The EcoBoost universe is poised to expand in yet another small-displacement direction. Ford has announced that next year the mid-size Ford Fusion sedan will be adding a 1.5-liter, four-cylinder turbocharged EcoBoost mill to its options sheet. The unit will replace the current 1.6-liter motor that is available as the mid-tier selection for the family car, an engine that has been praised for its power delivery but criticized recently for not living up to real-world fuel mileage expectations. The new 1.5-liter EcoBoost motor will feature technologies such as a cylinder head that incorporates the exhaust manifold, a design which helps to preserve lightness as well as introduce better heat management.

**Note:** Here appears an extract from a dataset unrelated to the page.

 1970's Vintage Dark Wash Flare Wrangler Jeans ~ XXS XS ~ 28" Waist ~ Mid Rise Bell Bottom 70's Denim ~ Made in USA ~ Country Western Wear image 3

Although no power or fuel economy figures have been released, the 2014 Ford Fusion 1.5-liter EcoBoost trim will most likely match or exceed the 178 horses and 28-mpg combined offered by this year's 1.6-liter option.
This kind of trouble doesn't happen often, but when it does, the perils of many automakers using the same supplier can have devastatingly wide-spread consequences. Toyota, Mazda, Nissan, and Honda are together recalling what amounts to 3 million vehicles due to a problem with the airbags fitted to the passenger side of a long list of vehicles. More than half of the models affected are Toyotas built between 2001 and 2003, with Honda responsible for 1.1 million vehicles implicated by the recall and Nissan close to half a million. Mazda accounts for only 45,000 of the affected vehicles.
The issue has to do with a too-rapid inflation of the airbag itself, with an influx of over-pressure rupturing the unit's inflator. No injuries related to the defect have been reported at this time. Two years ago, the effect of the Japanese tsunami on the automotive industry (which relied on one or two chip providers for a vast number of electronics systems) revealed a similar weakness related to the lack of parts supplier diversity.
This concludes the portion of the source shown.